Abandoned Churches in Alaska
Home Again to Adventist Ministry
Many buildings in North America mission field sat empty for decades; still hundreds of un-entered villages
BY ANSEL OLIVER, Assistant Director for News, General Conference of Seventh-day Adventists
The Seventh-day Adventist church buildings in the Arctic region of Alaska are staffed again following years, even decades, of abandonment.
The seven villages where the denomination sent workers and built churches were left after funding froze for replacement ministerial volunteers. Those churches in recent years have been re-staffed one by one. In September, the last of those previously entered villages was entered again when a husband and wife volunteer duo drove from their home in central Alaska to the village of Shungnak to resume Adventist outreach work there.
Though church leaders are pleased to resume work in those areas, there are still more than 220 villages without any Adventist ministry. Most are isolated towns with populations ranging from 200 to 1,000 people.
REMOTE SANCTUARY: This Adventist Church in Shungnak, Alaska, sat empty for at least two decades. In September, two volunteers moved here to restart Adventist ministry in the village. Seven of the denomination's Arctic region churches are functioning again following a halt on ministry after funding dwindled beginning in the 1980s. [photo courtesy Alaska Conference]
"This is a very neglected area of [North America] that not many people know about, but it's a mission field right here," said Ken Crawford, president of the church's Anchorage-based Alaska Conference.
Crawford himself served in the 1970s as a minister in Alaska's Arctic region. The Arctic Circle is a line on the globe about 66 degrees latitude north. The location in the upper northern atmosphere means there is little light in the winter, which health experts say contributes to the state's high percentage of its citizens turning to alcohol, drugs or even suicide to deal with the darkness and isolation. There's also the cold.
"In the winter if it gets up to zero degrees [Fahrenheit] we're pretty warm and toasty," said Warren Downs, a lay Adventist pastor in Selawik, a village of about 850 people just north of the Arctic Circle.
Downs, a 39-year-old computer programmer, moved his family in 2006 from the state's major metropolitan area of Anchorage to minister in Selawik. They live in the parsonage connected to the 20- by 20-foot church, which sat empty for more than 20 years.
Selawik has its ups and downs like any Alaskan village, and the tightly knit community hasn't been without its own tragedies. Downs said there were once two suicides and an alcohol poisoning within a six-week period.

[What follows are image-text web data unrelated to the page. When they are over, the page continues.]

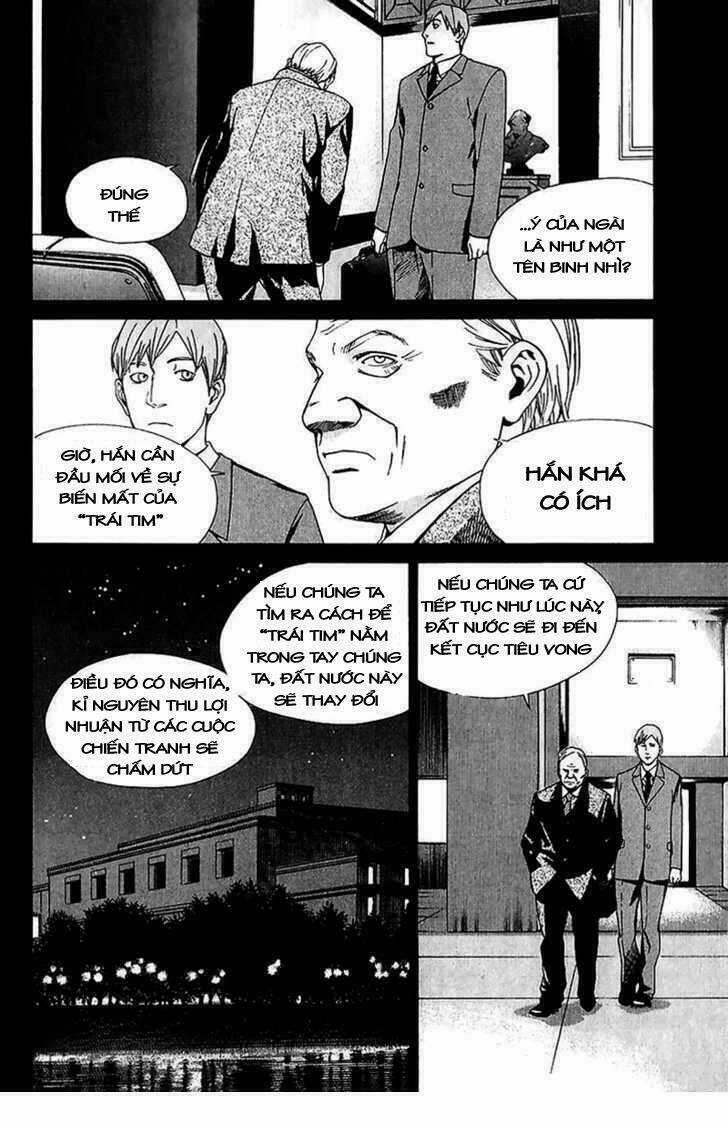 Alive - The Final Evolution Chapter 50 trang 24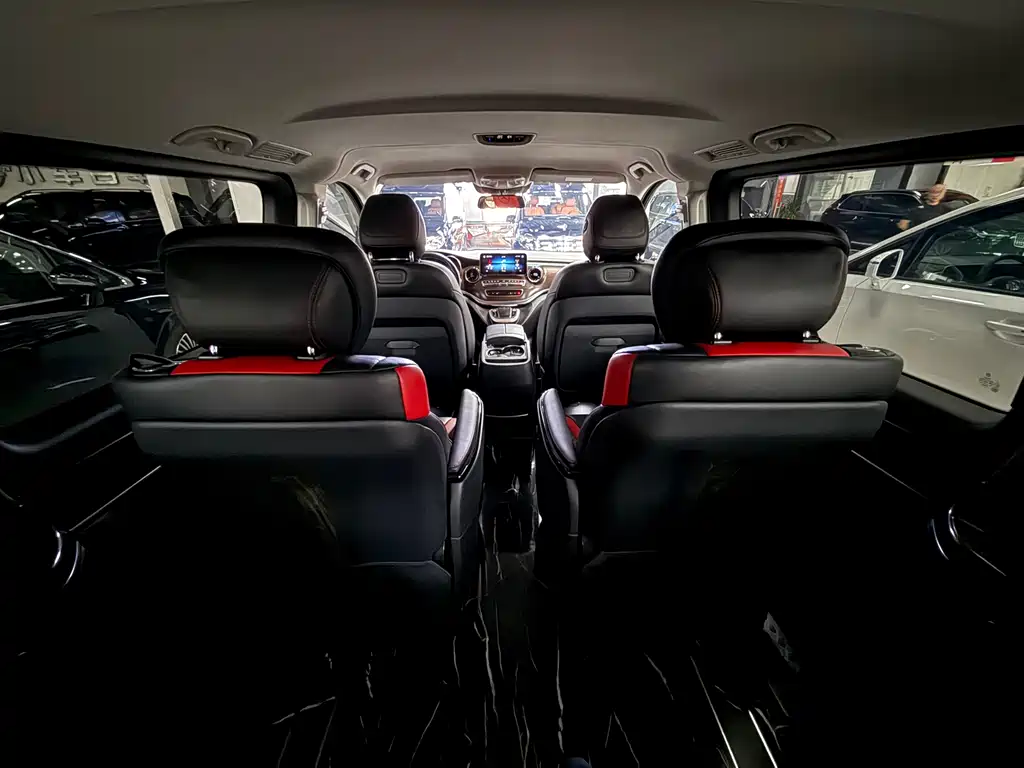 Mercedes-Benz V-Class V 2022 V 260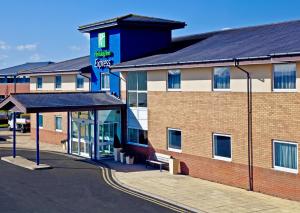 Holiday Inn Express Shrewsbury By Ihg,Shropshire>>Shrewsbury,3 star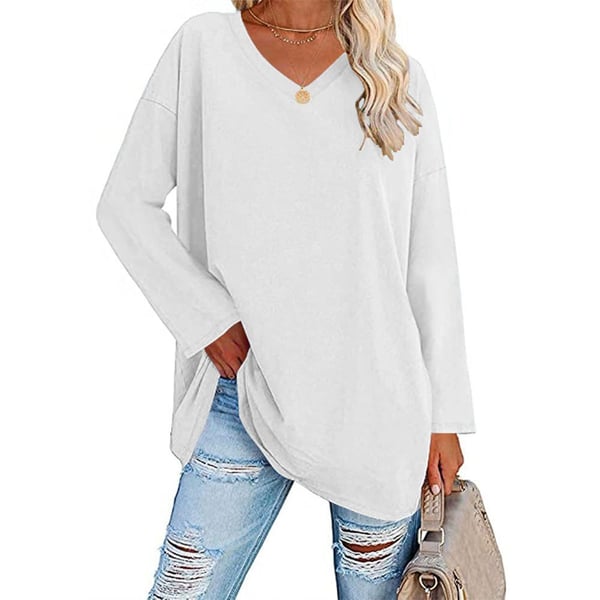 Vibe V-neck Shirt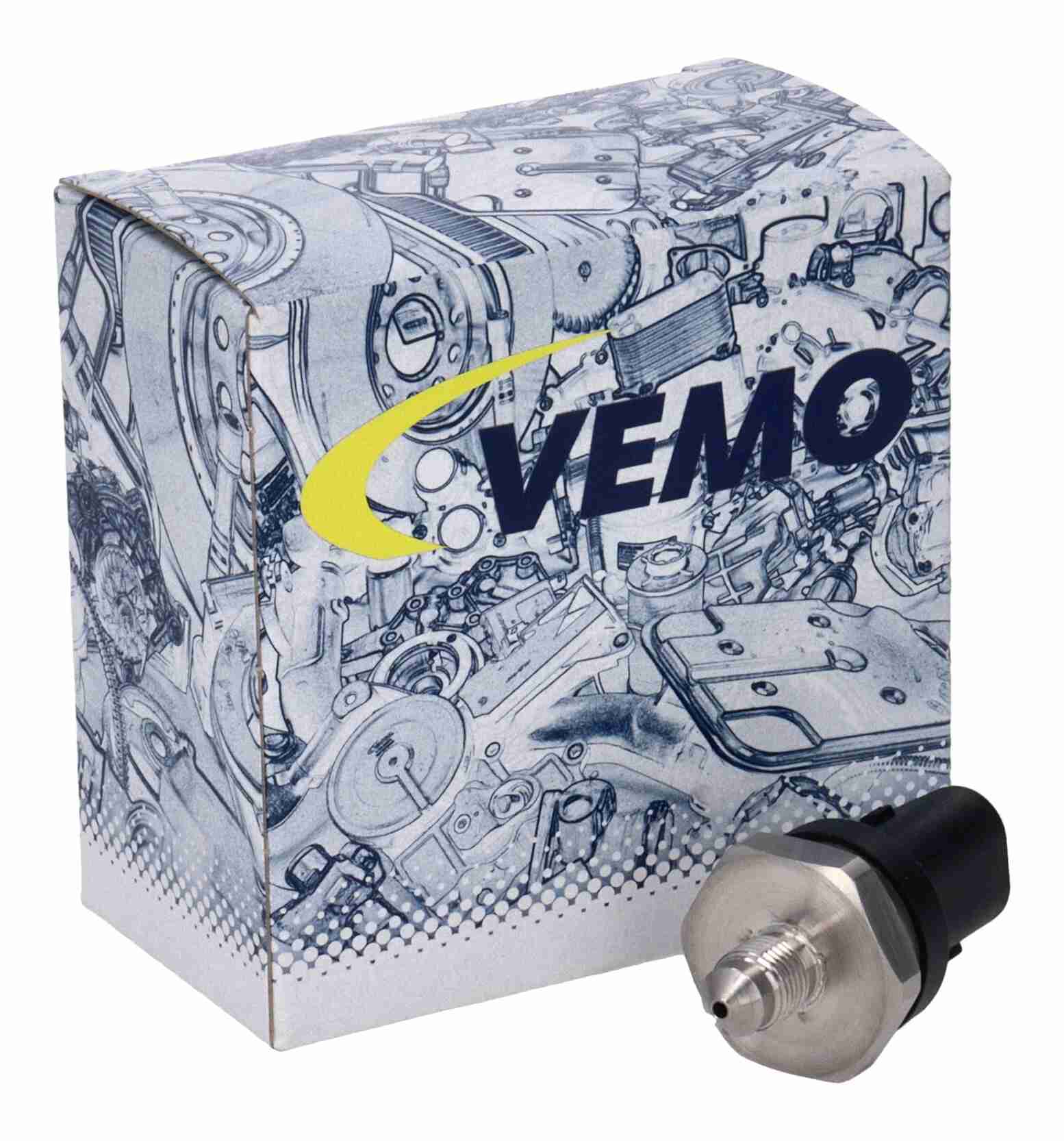 Dysza spryskiwacza, czyszczenie świateł przednich VEMO V95-08-0047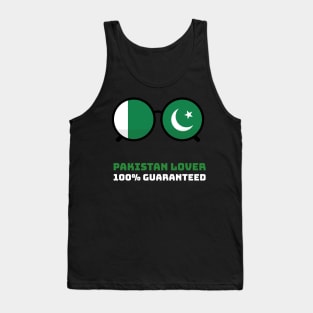 Pakistan Lover Tank Top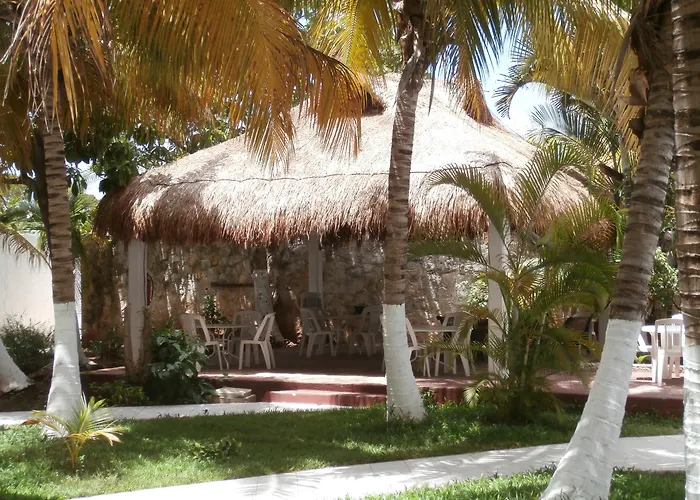 3 star hotel: Hotel Caribe Internacional Cancun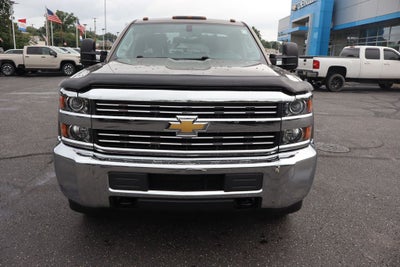 2015 Chevrolet Silverado 3500HD Work Truck DRW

Ministering there has been a struggle -- church attendance is low, public and door-to-door evangelism isn't successful and kids programs were canceled because of rowdy behavior. Still, Downs makes his presence known and people know he and his family are available. He helps with the village food bank and kids will often knock on his door for a family visit.
Church is "low key," Downs said, with attendees wearing casual clothes and many preferring country gospel music. Church attendance was strong his first few weeks in town. "It was maybe 15, but after the novelty of us as new arrivals [wore off], attendance is down to about four, sometimes five," he said.
Downs said the future success of the congregation will hinge on locals taking ownership, not just people like him cycling through. But it's been tough to develop leaders, he said.
The Adventist Church's Arctic village outreach began in the 1930s but fizzled out following the restructuring of church administration several decades ago. The church had previously classified the state as mission territory, but in 1982 the region was reorganized as a conference -- a region of congregations that is self-supporting, both financially and leadership-wise.
Crawford, the current conference president, said funding for the Arctic outreach soon froze after the reorganization and the small churches there have mostly sat empty since. He said the conference is now in the process of re-classifying the Arctic as a mission territory again.
When assessing interested volunteers who contact his office, Crawford says he prefers married couples -- the native population is very family oriented, he says.
Recently married Anthony and Airen Sherman left their home Delta Junction in central Alsaka to reopen the church and its accompanying parsonage in Shungnak. The building needs repairs but neighbors are helping provide insulation so they can stay through the winter.
Anthony Sherman, 24, is still working on certification to become a substance abuse counselor. He left the church in his teens but rejoined after helping with a weeklong children's mission program in Shungnak three years ago. "That impacted me a lot," he said.
Three years later he has returned, this time to work fulltime.
"There are a lot of villages where we don't have people willing to go to," Sherman said. "Someone needs to be doing this."